**TASK GOAL:**
From the first line of the listing, copy each line exactly until you have included the line with "Here are some grafted"; leave out the pictures.
======== DATA FOR THE TASK
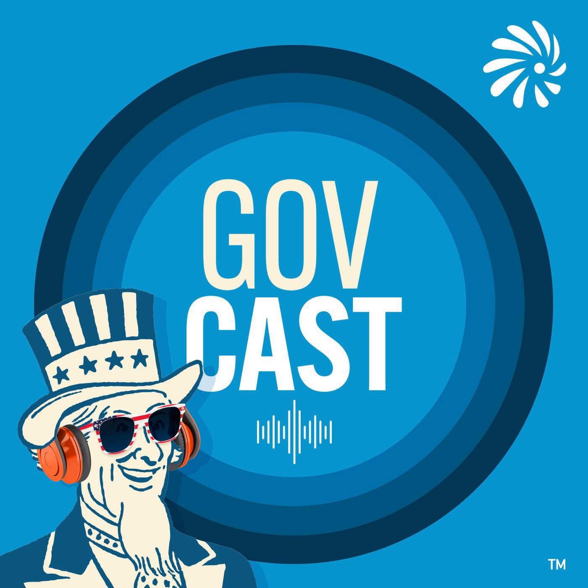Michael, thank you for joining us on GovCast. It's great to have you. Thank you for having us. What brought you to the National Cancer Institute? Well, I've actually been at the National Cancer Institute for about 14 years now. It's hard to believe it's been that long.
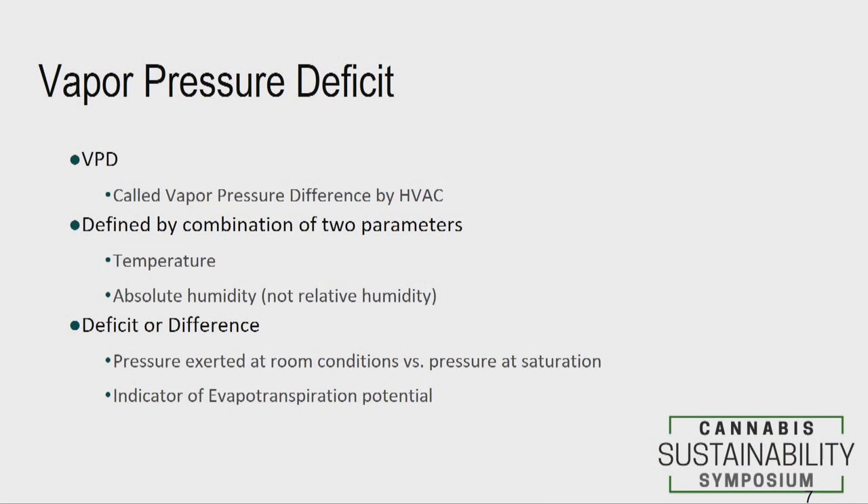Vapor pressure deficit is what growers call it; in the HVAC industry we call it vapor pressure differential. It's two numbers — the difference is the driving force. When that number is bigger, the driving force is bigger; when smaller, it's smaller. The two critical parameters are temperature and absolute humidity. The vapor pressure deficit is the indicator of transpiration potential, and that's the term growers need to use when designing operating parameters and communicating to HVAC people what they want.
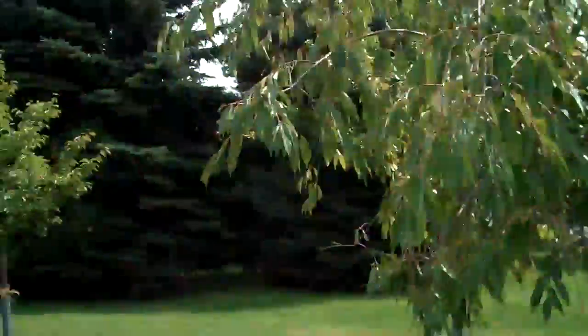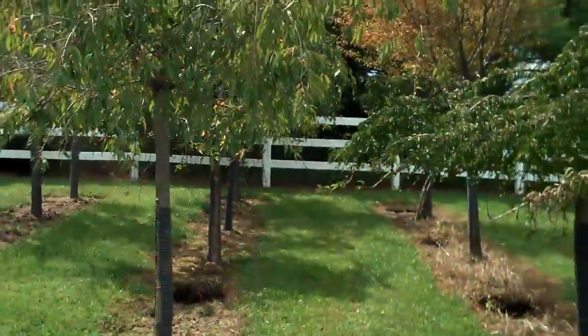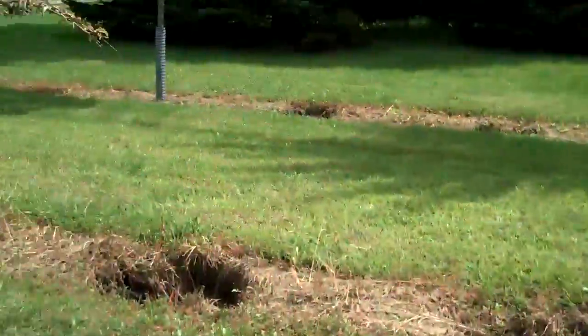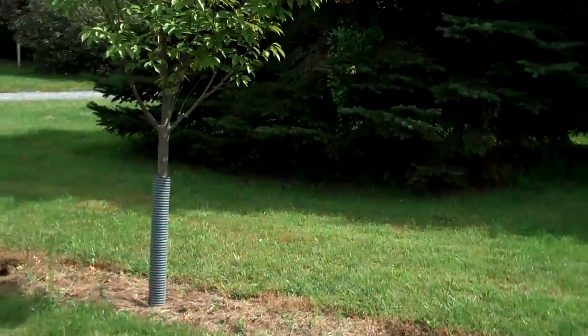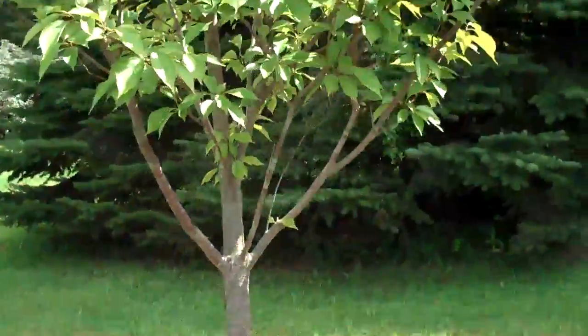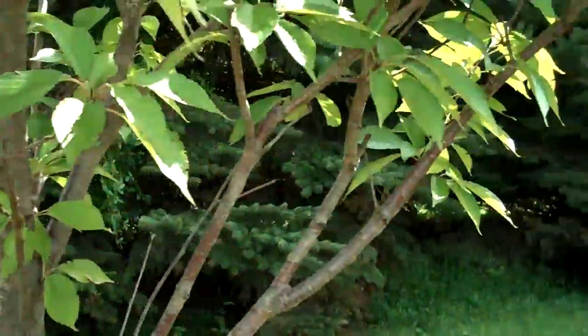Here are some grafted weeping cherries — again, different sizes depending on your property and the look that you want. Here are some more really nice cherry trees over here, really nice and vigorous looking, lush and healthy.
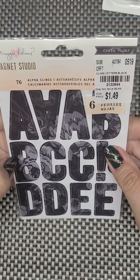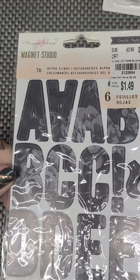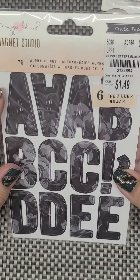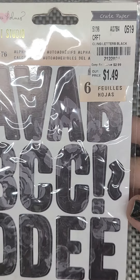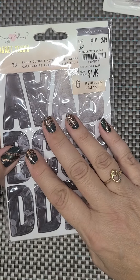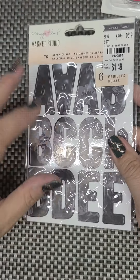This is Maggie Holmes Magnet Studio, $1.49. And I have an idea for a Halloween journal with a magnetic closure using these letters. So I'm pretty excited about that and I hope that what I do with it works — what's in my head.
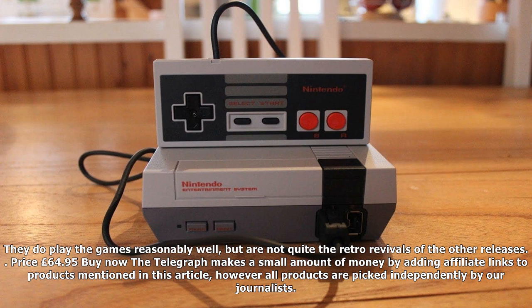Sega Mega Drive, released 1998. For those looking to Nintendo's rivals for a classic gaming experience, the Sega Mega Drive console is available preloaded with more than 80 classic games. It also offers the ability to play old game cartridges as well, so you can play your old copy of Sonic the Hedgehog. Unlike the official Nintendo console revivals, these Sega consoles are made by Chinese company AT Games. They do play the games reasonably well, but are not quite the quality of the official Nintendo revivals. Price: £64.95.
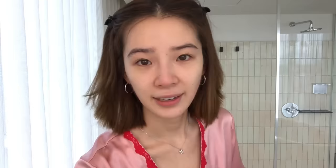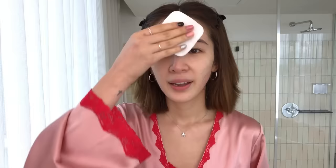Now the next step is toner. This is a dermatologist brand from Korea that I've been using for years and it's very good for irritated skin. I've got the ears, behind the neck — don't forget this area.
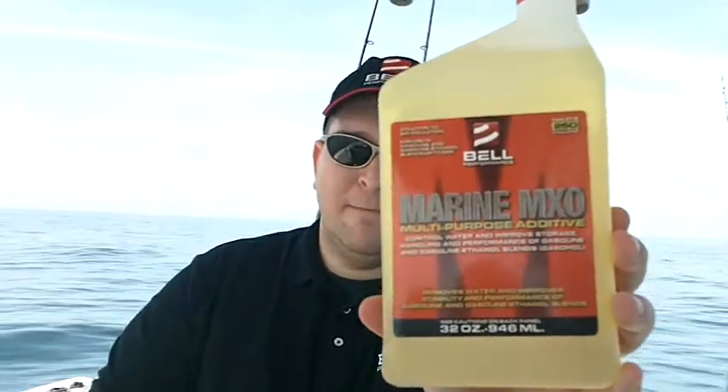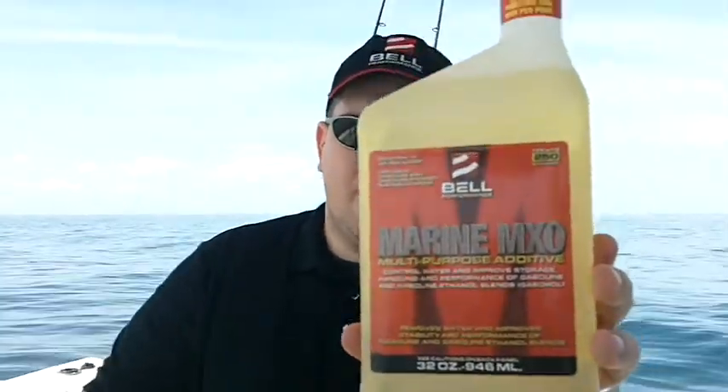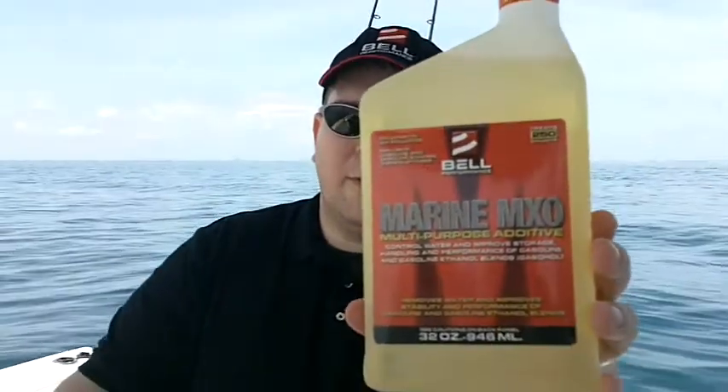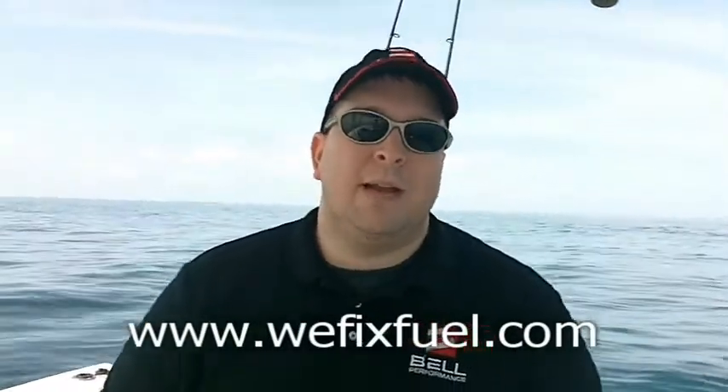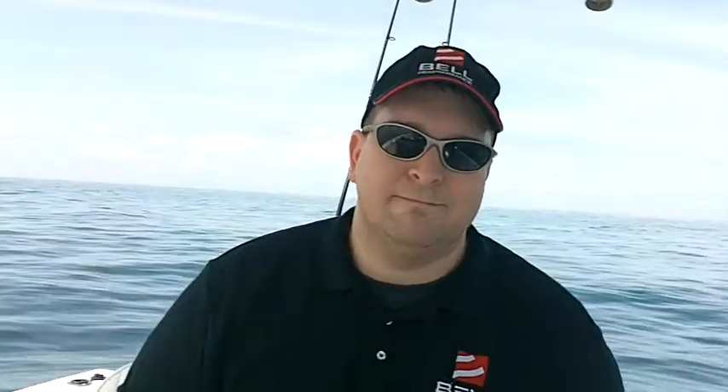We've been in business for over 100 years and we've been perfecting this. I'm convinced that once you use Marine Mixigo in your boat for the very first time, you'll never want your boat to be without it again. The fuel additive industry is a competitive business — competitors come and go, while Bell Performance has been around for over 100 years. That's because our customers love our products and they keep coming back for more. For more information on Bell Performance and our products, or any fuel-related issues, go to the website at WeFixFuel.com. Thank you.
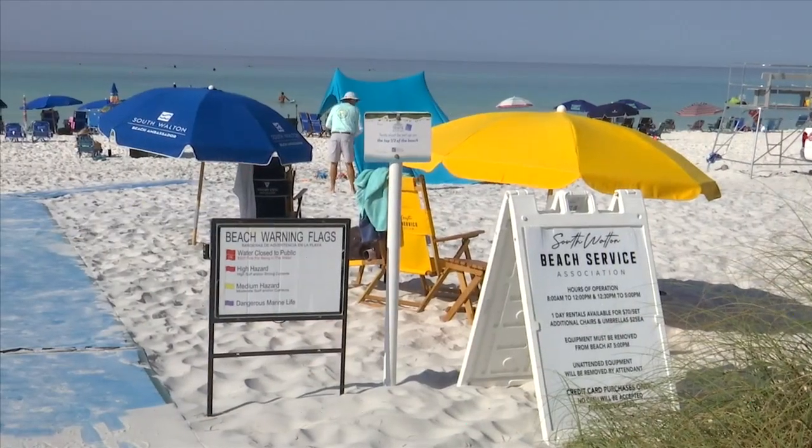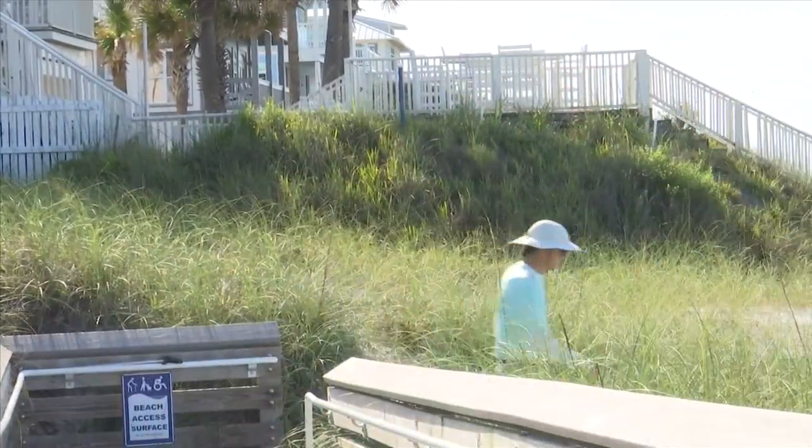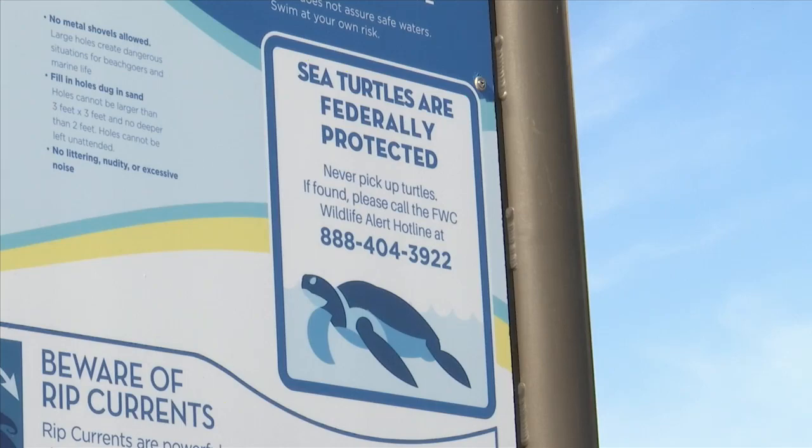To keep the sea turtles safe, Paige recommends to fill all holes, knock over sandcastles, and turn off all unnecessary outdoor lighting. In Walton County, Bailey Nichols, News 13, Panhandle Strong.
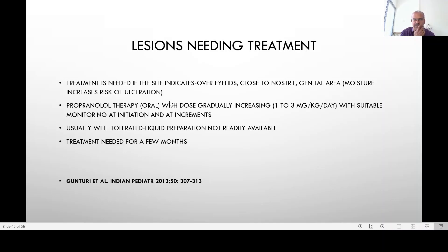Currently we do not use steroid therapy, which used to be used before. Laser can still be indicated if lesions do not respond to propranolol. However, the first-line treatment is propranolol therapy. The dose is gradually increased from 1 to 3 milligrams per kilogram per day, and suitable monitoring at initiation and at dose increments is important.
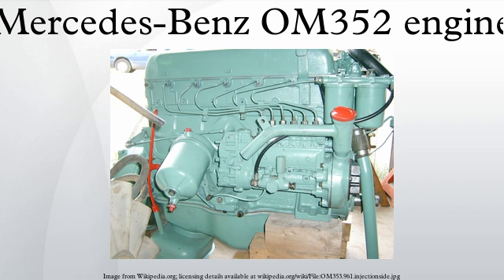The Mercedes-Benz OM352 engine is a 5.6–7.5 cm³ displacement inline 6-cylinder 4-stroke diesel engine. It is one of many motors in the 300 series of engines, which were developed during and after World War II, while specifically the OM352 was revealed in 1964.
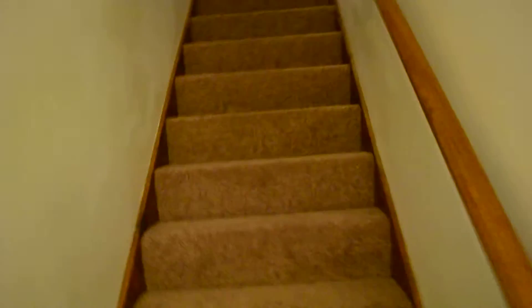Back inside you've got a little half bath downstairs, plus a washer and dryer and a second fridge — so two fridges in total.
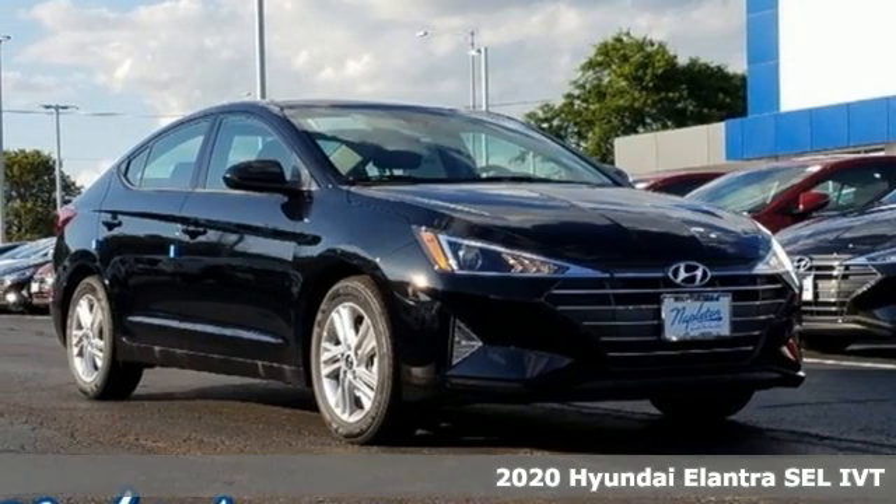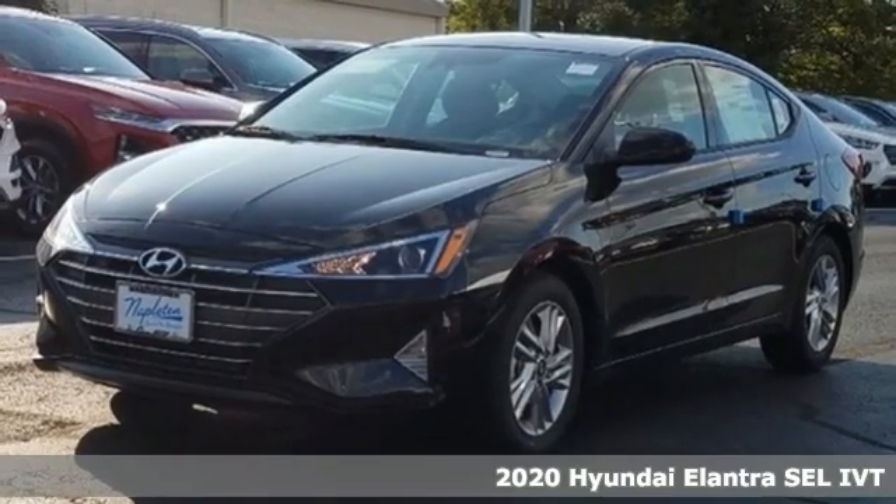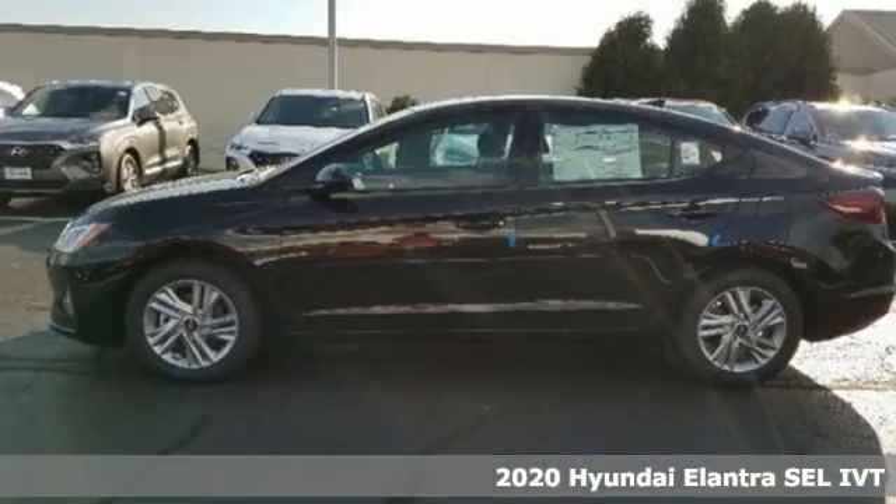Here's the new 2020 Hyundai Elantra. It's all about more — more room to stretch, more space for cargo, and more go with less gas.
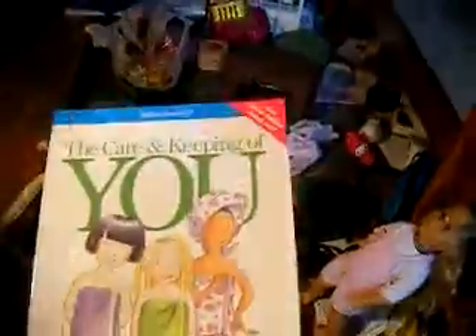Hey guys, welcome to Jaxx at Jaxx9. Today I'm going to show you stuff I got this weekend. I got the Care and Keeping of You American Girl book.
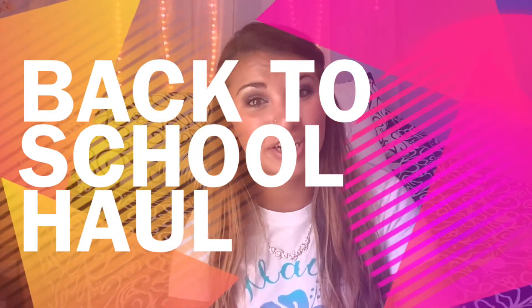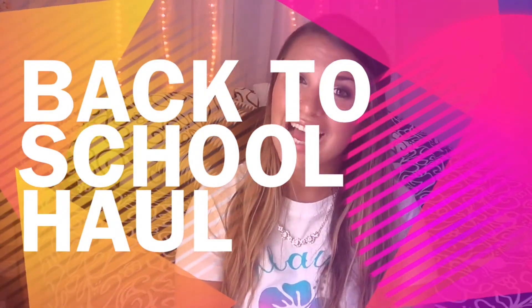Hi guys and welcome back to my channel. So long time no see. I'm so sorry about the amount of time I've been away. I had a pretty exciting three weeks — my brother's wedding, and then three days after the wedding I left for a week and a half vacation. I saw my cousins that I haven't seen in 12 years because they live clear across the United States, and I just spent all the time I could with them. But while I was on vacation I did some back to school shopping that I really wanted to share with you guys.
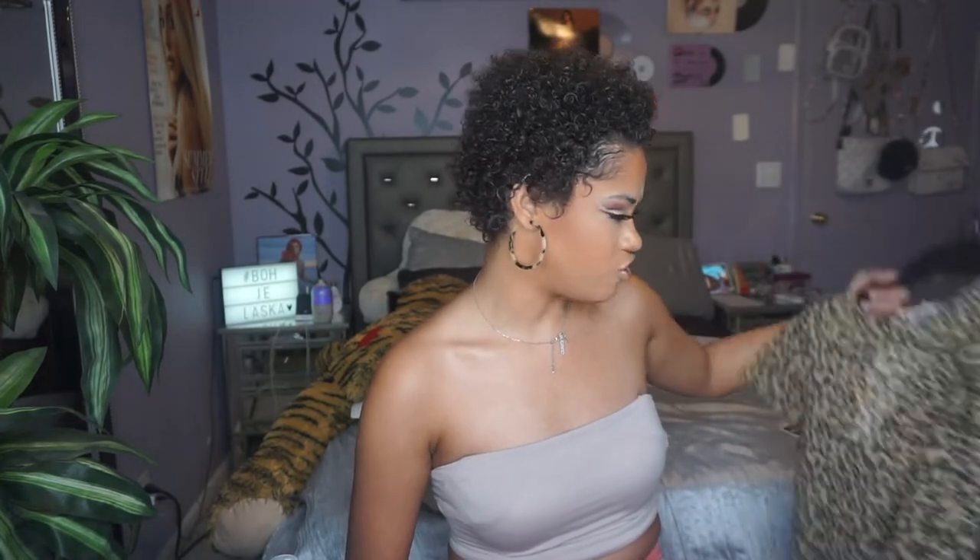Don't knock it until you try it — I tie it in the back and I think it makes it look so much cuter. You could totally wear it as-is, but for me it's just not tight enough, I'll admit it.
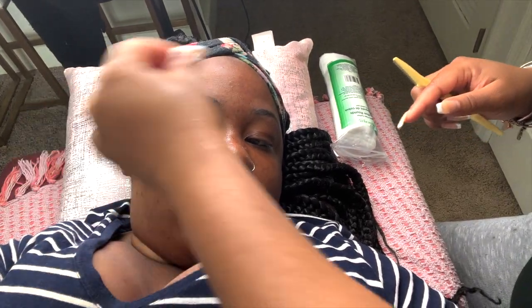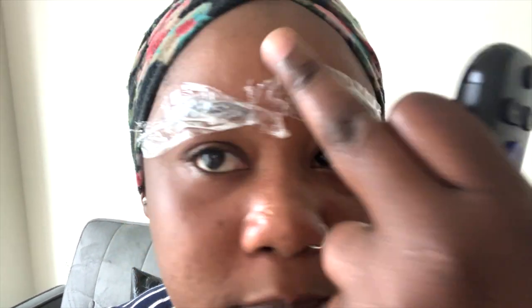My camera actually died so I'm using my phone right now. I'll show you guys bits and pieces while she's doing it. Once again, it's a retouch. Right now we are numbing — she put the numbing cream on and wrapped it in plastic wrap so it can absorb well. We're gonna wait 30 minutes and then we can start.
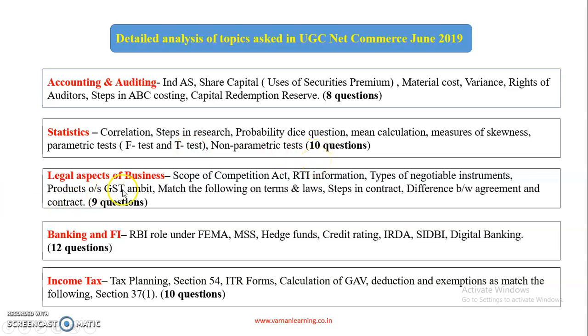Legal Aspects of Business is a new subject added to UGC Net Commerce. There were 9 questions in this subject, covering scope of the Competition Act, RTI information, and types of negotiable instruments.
================
**RESPONSE AREA:**
Michael, thank you for joining us on GovCast. It's great to have you. Thank you for having us. What brought you to the National Cancer Institute? Well, I've actually been at the National Cancer Institute for about 14 years now. It's hard to believe it's been that long.
Vapor pressure deficit is what growers call it; in the HVAC industry we call it vapor pressure differential. It's two numbers — the difference is the driving force. When that number is bigger, the driving force is bigger; when smaller, it's smaller. The two critical parameters are temperature and absolute humidity. The vapor pressure deficit is the indicator of transpiration potential, and that's the term growers need to use when designing operating parameters and communicating to HVAC people what they want.
Here are some grafted weeping cherries — again, different sizes depending on your property and the look that you want. Here are some more really nice cherry trees over here, really nice and vigorous looking, lush and healthy.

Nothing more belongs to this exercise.